I predict that cause-related marketing will grow fastest in places like India. That’s because every week someone searches my blog using terms like “cause marketing, India,” or “cause-related marketing programmes in South Africa.”

I predict more local market CRM. It’s easy to look at the mega-campaigns from national brands… both for-profit and non-profit… and conclude that that’s where all the action is. But just as cause-related marketing can scale up, it can also scale down, thank you very much. Local causes that generate affinity and can make a compelling (and brief!) case for the need, can be successful. I see plenty of these local efforts all the time and expect to see more.

I predict that for the foreseeable future CRM will continue to trail the giants of sponsorship like the NFL. That’s because too many cause marketers still think it’s all about tears when in fact it’s all about eyeballs. The big guys understand that and NASCAR and its peers are much better at delivering eyeballs than their charity cousins.

Mostly, though I predict that cause-related marketing will continue as a viable tactic and in some cases a strategy for both companies and nonprofits.
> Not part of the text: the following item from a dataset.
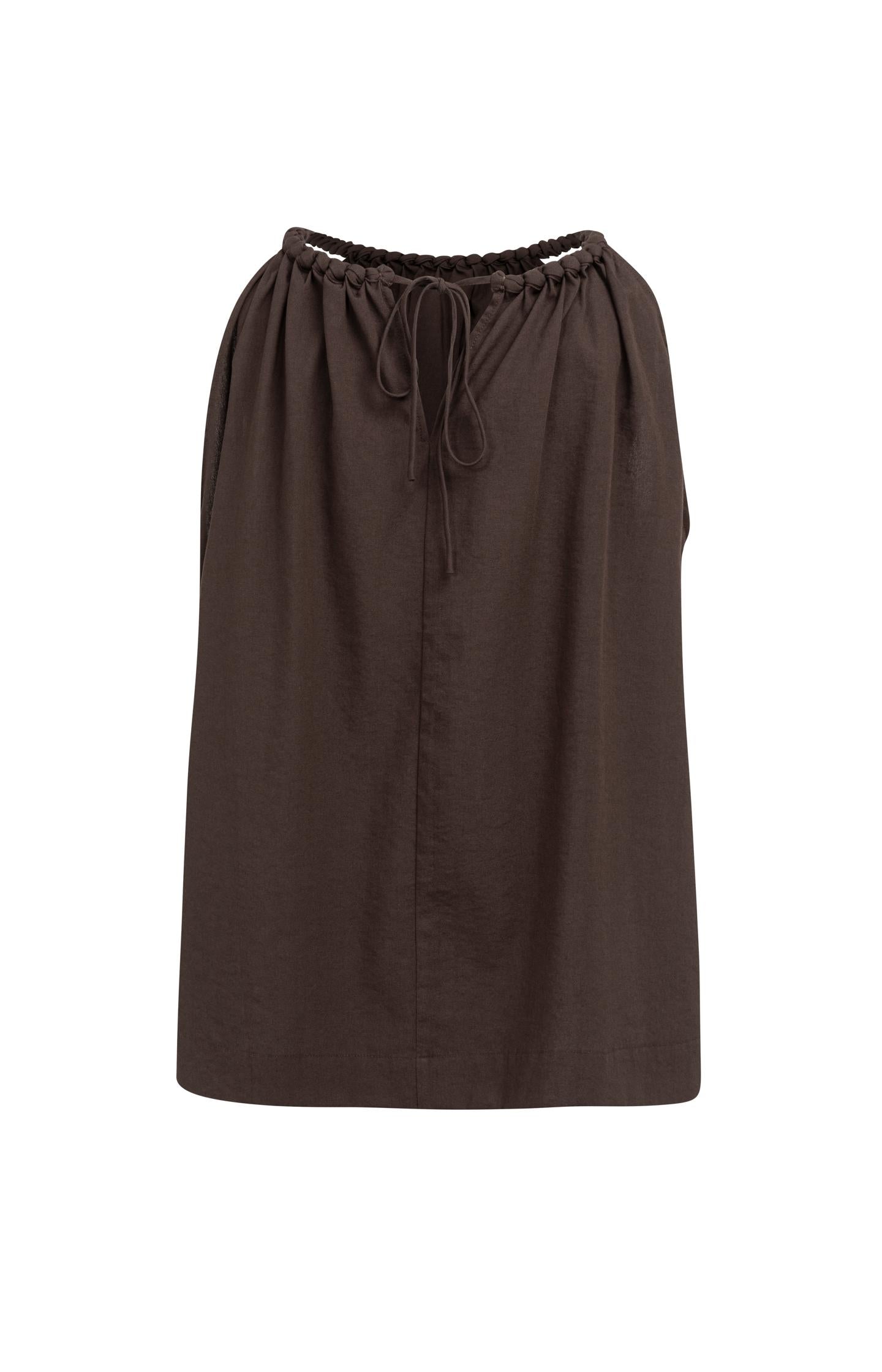 Halter top with braided neckline and tie detail - Type: video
That’s because for all the naysayers and bad press in the last six months, cause-related marketing works.


  • It generates unrestricted money, which is highly coveted in nonprofit fundraising.


  • It deepens relationships with supporters.


  • It engenders loyalty in a company’s customers.


  • It builds brands, both for-profit and nonprofit.

More to the point, cause-related marketing works best with women in general, who control 80 percent of all household spending in the United States and Gen Y in particular, who on the balance seem to appreciate the practice.